Charles hated being reminded how old he was.
Anna turned off the engine and started opening her door, but he stopped her.
“Wait a moment.” A hint of unease was brushing across the senses bequeathed to him by his gifted mother, and he’d learned to pay attention. He looked at Anna and scowled—she was too vulnerable. If something happened to him, they’d tear her to bits.
“I need you to change,” he told her. Something inside him relaxed: that was it. “If something happens to me, I want you to run like hell, get somewhere safe, then call my father and tell him to get you out of here.”
She hesitated.
It was not his nature to explain himself. As a dominant wolf in his father’s pack, he seldom had to. For her, though, he would make an effort.
“There is something important about you being in wolf form when we go in there.” He shrugged. “I’ve learned to trust my instincts.”
“All right.”
She took a while.

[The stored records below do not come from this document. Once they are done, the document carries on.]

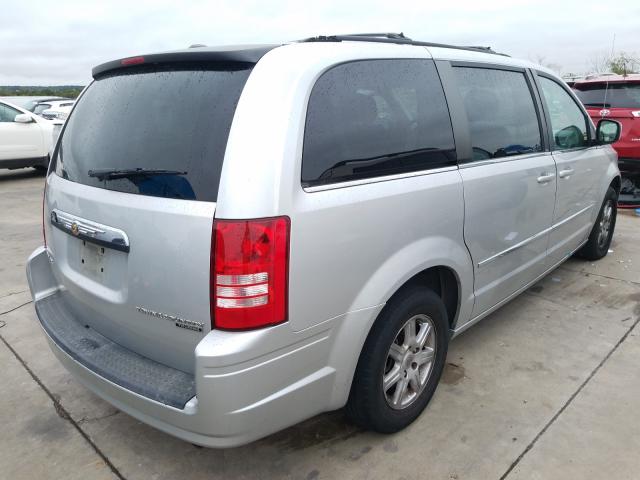 Photo 3 VIN: 2A4RR5D18AR432463 - CHRYSLER TOWN & COU 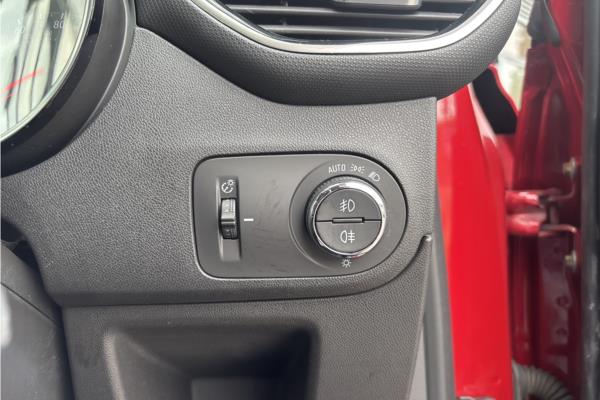 2022 Vauxhall Crossland 1.2 Turbo Elite Edition SUV 5dr Petrol Auto Euro 6 (s/s) (130 ps) - Cloth, photo 21
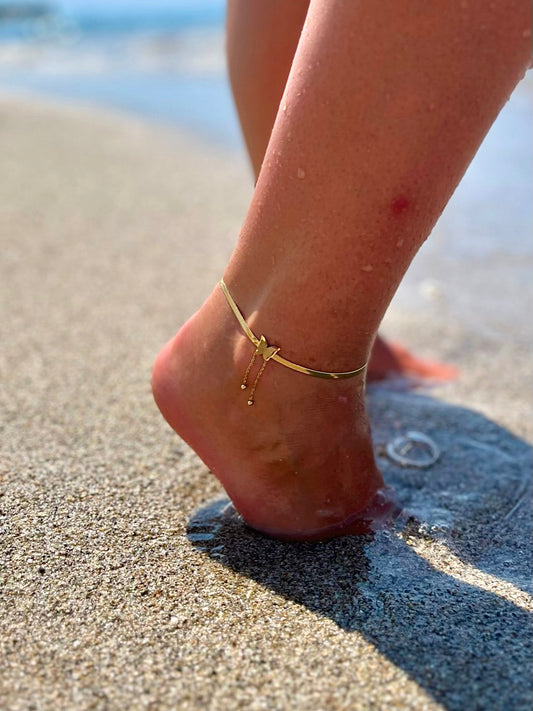 Zaari Luxe 18k Gold Plated Butterfly Anklet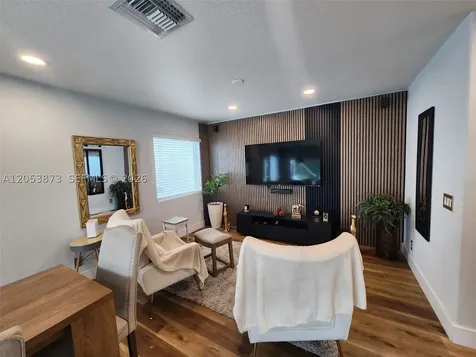 594 Spinnaker Weston FL 33326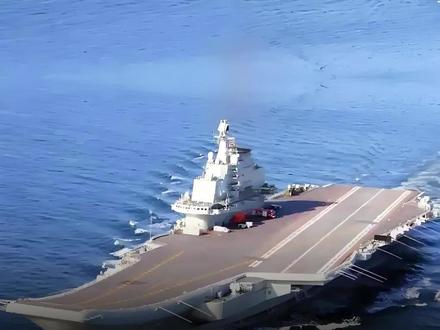 歼-15锁定日本战机,日本为何感觉受到奇耻大辱?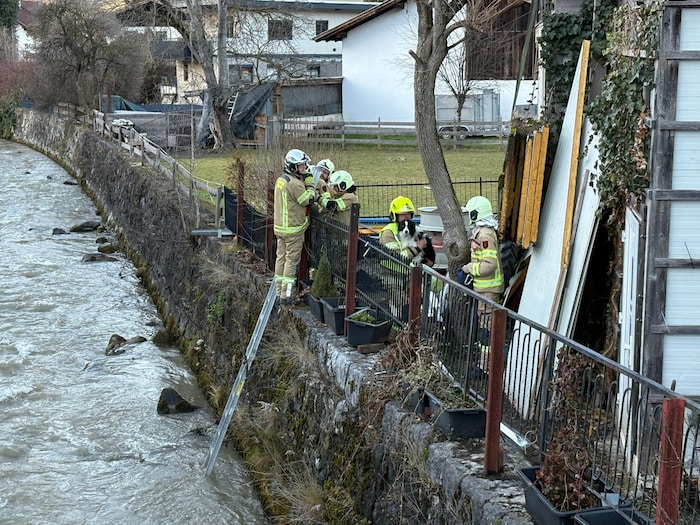 Die Feuerwehr konnte den Hund nach kurzer Zeit wieder in Sicherheit bringen.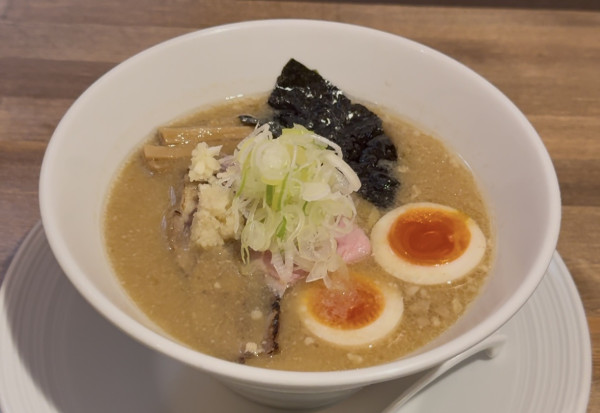 「【限定】味噌らぁ麺〜大吟醸酒粕仕立て〜¥1300」@酒肴場 屯の写真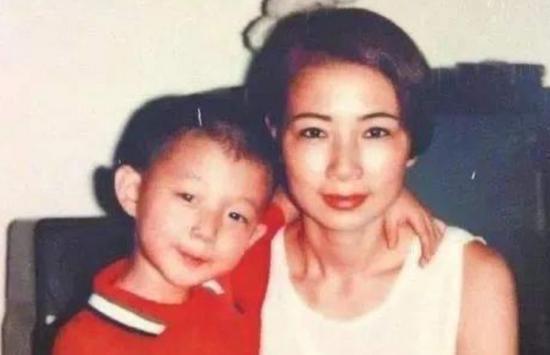 ·年轻时的仲小萍(右)与幼年霍尊。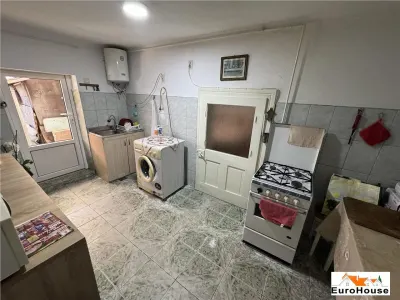 Casa de vanzare in Sebes - foto 8
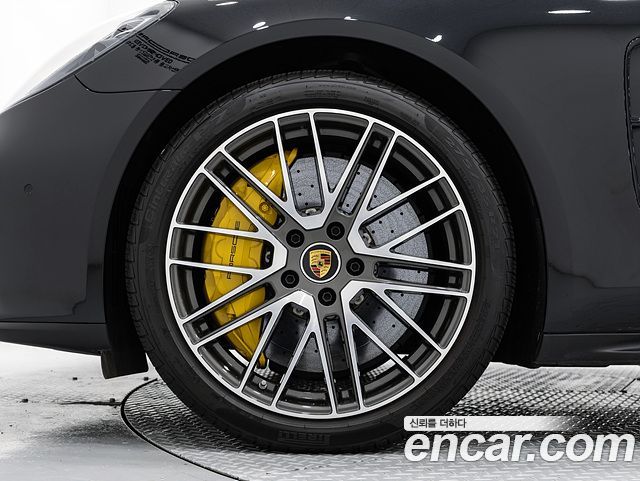 Porsche Panamera 2023 — photo 5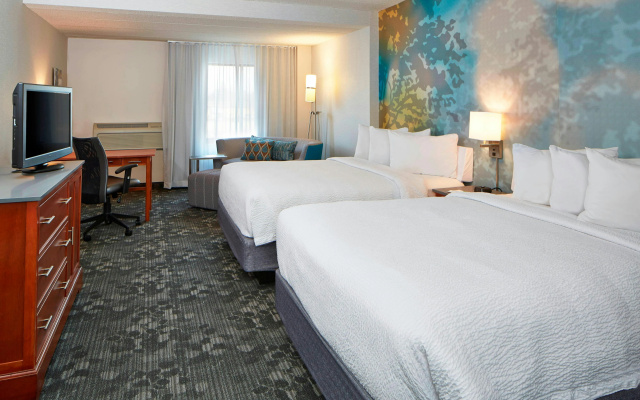 Courtyard by Marriott Bloomington by Mall of America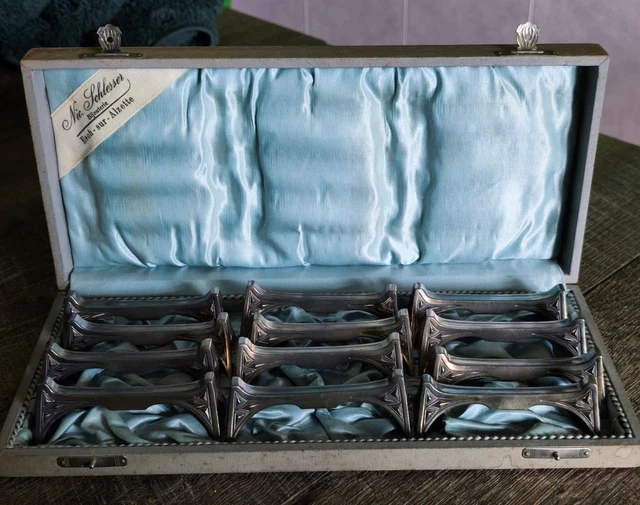 2 PORTE-COUTEAUX ANCIENS, en verre, Art Déco EUR 3,00 - FR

He had time to open his notebook and look at her list. He’d told Justin that Leo could have Isabelle and his first five. According to Anna’s list, other than Isabelle, of those six only Boyd was on the list of names his father had given him. If Justin was Leo’s second, then there wasn’t a wolf other than Leo who was a threat to him.
The ache of his wound gave lie to that thought, so he corrected it. There were none of them who would give him a run for his money in a straightforward fight.
Anna finished her change and sat panting heavily on the driver’s side seat. She was beautiful, he thought. Coal black with a dash of white over her nose. She was on the small side for a werewolf, but still much larger than a German shepherd. Her eyes were a pale, pale blue, which was strange because her human eyes were brown.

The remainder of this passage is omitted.